Lightweight roofscape high above the ground
The seven towers of the King Abdul Aziz Endowment Project in the immediate vicinity of the Great Mosque of Mecca are one of the most spectacular construction projects in the Arab world. While six of the towers reach a height of up to 250 metres, the central structure – topped with a huge tower clock implemented by SL Rasch – is 601 metres high. It is the world’s second-tallest building after the Burj Khalifa in Dubai (818 metres). The complex contains luxury hotels, apartments, offices, a shopping mall, restaurants and private suites for the royal family.
So as not to spoil the view of the mosque complex as seen from the clock tower, an aesthetic design was needed for the rooftops of the lower towers as well. Because this decision was made relatively late, the foundations could not support any additional loads. As a result, SL Rasch was commissioned to develop a lightweight roofscape. Its basic form is inspired by traditional Bedouin tents. Building these groups of tents at such a great height and on the limited surface area of the roofs was highly challenging. Besides covering the asymmetric polygonal rooftops, the system would also need to integrate the elevator machinery. The enormous wind loads at this height were also a highly important factor.
Because the interiors of the tents for the two smaller towers were not to be interrupted by masts, they had to be supported by structures with a very complex geometry. Every detail of every supporting element and its joints had to be designed and produced with the greatest care. Steel cables tension the membranes in such a way that the tents can withstand the enormous wind loads at these heights. The walls are fully glazed and shaded by the membrane. The skylights in the peaks of the tents are crowned by prismatic lanterns made of decorated glass. Because the newly created spaces are reserved for the royal family, a great deal of care and attention went into the interior design. SL Rasch was able to transfer the ornamentation chosen for the inner membrane to the complex, computer-generated 3D geometry of the textile pattern and print it straight onto the PTFE fabric in advance.

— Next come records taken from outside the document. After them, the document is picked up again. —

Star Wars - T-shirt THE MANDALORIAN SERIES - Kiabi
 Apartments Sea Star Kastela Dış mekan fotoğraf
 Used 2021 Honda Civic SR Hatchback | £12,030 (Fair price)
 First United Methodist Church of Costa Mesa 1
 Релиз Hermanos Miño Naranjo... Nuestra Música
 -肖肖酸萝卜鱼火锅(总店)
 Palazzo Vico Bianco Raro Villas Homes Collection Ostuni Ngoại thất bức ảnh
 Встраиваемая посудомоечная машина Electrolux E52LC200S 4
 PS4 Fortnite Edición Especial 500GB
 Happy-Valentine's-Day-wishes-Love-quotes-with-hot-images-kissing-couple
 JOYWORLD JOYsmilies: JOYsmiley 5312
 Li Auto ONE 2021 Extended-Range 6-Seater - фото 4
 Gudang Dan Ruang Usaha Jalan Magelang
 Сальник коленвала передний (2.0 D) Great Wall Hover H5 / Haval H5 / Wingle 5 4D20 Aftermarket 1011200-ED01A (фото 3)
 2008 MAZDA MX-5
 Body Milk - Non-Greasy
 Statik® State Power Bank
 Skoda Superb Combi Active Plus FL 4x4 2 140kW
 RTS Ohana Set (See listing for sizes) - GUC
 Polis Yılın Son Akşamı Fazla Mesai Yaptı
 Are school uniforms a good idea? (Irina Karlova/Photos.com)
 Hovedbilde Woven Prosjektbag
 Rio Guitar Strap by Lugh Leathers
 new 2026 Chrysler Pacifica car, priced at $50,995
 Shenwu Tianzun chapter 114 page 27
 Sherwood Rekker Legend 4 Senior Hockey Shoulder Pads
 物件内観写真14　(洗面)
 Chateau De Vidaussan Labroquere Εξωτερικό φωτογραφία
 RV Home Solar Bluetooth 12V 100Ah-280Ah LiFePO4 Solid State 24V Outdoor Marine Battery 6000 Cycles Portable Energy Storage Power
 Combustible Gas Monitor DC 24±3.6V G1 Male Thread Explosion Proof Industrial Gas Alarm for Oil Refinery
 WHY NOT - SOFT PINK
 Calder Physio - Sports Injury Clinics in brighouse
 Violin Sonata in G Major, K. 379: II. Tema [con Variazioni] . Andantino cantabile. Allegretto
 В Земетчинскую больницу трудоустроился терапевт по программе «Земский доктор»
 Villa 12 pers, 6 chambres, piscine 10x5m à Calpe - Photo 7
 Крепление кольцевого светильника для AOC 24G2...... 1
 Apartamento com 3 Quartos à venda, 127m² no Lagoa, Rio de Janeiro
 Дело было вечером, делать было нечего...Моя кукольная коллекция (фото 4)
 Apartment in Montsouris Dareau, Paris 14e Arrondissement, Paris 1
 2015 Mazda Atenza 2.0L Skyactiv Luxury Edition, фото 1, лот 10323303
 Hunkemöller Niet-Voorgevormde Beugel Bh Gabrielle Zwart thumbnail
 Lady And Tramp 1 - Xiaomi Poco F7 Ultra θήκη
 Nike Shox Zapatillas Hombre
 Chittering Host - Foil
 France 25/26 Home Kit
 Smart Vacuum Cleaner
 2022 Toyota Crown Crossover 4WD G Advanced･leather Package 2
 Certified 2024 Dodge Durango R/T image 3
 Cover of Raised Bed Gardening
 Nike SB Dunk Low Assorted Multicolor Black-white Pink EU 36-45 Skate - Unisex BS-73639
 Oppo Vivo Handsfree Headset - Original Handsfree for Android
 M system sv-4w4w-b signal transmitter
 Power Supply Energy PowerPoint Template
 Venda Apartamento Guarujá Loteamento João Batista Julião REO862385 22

Both the higher towers have large restaurants in their upper storeys. Each of the three-peaked tents developed for them forms a single structural unit. The three central steel masts branch out to support large glass lanterns with ornamental shading screens that supply the interior with dimmed light. Thanks to the insulating multilayered membranes and solar control glass used for all four roof tent structures, air conditioning does not present a problem. The sensitive lighting design ensures that the skyscrapers’ extraordinary textile roofscape is just as aesthetic in the evening or at night-time as it is during the day.